Going line by line through the records below, count those with the word "This" and give only the count.

Extracted data entries
______

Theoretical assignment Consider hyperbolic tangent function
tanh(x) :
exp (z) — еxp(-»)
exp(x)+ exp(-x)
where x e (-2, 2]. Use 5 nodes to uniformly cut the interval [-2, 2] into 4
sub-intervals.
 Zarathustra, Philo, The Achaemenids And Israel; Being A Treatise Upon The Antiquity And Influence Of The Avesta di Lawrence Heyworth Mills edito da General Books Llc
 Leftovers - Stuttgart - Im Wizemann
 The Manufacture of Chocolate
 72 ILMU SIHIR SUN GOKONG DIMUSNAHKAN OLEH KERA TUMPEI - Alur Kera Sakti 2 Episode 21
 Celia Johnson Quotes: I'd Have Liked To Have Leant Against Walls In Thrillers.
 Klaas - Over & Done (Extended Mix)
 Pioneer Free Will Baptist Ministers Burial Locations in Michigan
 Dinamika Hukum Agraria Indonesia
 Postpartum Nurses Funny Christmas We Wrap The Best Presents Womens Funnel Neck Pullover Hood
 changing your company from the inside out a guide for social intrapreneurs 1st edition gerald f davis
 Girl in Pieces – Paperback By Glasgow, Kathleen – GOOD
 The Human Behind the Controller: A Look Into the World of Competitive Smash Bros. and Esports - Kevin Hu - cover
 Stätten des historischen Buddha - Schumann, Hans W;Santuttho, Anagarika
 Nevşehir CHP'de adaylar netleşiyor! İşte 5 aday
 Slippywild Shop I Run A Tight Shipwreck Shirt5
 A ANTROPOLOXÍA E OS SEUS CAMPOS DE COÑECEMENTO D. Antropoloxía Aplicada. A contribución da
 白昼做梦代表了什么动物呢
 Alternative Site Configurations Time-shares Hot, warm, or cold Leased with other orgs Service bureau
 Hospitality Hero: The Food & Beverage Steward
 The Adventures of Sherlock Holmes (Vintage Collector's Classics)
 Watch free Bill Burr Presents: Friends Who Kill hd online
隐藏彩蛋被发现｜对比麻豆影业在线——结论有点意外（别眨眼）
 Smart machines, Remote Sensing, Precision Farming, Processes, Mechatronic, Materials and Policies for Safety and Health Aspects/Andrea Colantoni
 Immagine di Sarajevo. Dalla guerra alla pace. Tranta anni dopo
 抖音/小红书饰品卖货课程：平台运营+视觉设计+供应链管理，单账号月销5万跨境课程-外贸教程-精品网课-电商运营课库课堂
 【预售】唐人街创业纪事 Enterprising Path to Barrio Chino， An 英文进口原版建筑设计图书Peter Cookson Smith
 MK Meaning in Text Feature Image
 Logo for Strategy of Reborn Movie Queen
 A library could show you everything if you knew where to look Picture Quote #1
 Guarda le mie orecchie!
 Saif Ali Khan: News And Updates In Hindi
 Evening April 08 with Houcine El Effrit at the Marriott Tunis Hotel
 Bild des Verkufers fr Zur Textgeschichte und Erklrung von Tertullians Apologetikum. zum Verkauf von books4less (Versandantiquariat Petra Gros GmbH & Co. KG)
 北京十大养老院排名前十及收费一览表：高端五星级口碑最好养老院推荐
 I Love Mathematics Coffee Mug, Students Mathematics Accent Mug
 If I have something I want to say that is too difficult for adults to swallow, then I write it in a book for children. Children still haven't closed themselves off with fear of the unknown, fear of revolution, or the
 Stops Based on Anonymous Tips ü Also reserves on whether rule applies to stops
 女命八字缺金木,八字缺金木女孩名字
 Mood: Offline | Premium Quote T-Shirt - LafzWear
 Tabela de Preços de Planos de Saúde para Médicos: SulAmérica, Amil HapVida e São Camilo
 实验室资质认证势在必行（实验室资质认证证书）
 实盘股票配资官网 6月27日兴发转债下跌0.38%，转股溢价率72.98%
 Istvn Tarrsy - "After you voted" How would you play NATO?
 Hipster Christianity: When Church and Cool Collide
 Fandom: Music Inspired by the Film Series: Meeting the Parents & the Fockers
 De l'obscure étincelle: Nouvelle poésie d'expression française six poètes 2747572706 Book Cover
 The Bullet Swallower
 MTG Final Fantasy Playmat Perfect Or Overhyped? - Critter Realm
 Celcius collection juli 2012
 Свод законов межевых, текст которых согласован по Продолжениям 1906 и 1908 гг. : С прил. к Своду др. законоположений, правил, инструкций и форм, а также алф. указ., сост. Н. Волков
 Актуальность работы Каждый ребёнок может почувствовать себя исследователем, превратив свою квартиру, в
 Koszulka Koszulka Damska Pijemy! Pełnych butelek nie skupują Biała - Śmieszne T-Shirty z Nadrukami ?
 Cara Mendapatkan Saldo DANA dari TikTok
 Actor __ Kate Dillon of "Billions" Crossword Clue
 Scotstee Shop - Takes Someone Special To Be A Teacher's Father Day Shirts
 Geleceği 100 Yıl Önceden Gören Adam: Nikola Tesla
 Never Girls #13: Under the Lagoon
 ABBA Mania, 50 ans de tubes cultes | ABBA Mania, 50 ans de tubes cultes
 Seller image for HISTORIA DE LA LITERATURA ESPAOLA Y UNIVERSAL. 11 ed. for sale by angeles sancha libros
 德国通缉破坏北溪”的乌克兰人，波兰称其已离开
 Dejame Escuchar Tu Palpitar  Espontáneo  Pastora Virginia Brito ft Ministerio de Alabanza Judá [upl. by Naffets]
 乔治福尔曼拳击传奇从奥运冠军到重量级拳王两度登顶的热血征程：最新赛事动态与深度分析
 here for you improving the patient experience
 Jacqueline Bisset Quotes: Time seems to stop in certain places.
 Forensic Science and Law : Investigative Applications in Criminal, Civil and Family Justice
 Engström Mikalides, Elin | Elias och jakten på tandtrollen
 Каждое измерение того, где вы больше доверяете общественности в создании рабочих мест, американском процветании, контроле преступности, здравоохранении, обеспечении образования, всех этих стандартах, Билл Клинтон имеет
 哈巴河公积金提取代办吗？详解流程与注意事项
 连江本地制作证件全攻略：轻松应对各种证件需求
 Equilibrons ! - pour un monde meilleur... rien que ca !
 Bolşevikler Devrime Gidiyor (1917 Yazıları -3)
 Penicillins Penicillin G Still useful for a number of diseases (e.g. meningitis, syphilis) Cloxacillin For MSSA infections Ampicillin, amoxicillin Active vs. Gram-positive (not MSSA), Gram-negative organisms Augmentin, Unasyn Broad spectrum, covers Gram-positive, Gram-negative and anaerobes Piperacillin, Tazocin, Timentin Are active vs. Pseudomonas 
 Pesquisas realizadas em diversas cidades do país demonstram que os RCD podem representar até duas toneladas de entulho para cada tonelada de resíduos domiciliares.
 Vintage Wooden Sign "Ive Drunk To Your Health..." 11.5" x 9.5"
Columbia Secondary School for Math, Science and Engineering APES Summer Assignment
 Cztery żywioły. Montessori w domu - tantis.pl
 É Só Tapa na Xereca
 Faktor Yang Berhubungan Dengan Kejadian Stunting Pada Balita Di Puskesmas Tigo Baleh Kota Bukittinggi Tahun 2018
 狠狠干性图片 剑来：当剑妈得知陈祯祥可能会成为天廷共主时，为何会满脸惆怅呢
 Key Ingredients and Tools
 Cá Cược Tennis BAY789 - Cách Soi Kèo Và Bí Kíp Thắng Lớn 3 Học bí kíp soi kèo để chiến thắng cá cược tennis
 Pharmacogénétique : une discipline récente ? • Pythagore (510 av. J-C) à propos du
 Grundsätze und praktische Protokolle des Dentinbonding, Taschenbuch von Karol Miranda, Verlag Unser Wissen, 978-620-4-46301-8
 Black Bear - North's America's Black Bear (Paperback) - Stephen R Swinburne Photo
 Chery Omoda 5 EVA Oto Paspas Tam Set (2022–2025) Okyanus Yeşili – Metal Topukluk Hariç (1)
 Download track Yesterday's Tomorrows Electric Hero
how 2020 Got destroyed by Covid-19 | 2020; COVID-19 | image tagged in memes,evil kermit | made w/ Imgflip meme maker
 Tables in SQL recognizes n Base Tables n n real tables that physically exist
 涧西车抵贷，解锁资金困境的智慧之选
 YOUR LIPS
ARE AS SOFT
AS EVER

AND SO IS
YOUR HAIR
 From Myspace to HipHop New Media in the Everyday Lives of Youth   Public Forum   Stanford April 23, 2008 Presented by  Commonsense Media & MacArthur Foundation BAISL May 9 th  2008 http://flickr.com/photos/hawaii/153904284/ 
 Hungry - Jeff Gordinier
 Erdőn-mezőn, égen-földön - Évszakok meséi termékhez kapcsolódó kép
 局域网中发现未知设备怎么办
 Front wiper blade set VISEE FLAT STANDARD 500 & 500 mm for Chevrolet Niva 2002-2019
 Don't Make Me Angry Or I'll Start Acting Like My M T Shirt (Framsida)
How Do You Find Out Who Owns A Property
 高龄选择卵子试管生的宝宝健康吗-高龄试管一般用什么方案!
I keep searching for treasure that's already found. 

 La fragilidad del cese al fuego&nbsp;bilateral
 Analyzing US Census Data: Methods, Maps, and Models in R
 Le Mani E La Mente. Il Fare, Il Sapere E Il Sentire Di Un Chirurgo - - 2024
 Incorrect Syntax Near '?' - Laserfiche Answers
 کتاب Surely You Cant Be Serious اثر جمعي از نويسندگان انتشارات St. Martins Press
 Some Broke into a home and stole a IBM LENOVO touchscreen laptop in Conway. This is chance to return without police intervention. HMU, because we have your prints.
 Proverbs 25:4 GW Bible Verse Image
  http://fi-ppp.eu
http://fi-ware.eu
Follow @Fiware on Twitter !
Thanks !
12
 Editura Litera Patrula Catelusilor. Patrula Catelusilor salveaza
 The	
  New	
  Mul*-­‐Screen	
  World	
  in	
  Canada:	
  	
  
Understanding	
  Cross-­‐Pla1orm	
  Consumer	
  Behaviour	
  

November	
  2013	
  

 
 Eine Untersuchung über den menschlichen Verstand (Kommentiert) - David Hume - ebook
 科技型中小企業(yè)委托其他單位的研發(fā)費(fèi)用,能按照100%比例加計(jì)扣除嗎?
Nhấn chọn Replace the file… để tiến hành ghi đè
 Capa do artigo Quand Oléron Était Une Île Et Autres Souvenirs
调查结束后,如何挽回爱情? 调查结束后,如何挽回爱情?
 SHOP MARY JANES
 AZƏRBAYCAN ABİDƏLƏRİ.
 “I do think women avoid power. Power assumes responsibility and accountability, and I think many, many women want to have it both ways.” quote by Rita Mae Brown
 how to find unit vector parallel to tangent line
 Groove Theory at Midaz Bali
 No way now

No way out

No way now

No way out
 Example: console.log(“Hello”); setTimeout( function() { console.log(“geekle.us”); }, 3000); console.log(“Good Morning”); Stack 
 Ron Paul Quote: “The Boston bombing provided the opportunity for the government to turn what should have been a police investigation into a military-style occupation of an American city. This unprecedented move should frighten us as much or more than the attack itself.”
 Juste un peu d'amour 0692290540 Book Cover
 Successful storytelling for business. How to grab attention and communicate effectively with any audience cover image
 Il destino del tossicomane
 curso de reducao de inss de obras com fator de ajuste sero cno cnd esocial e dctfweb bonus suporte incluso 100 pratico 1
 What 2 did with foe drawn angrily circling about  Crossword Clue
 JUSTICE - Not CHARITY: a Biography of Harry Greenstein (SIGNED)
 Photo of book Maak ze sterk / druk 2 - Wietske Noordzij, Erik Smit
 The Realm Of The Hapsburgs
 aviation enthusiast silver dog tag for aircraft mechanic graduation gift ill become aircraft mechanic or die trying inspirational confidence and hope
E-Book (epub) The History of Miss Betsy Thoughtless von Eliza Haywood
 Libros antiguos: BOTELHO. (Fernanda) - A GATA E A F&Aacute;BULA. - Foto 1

______

Completed task >> 2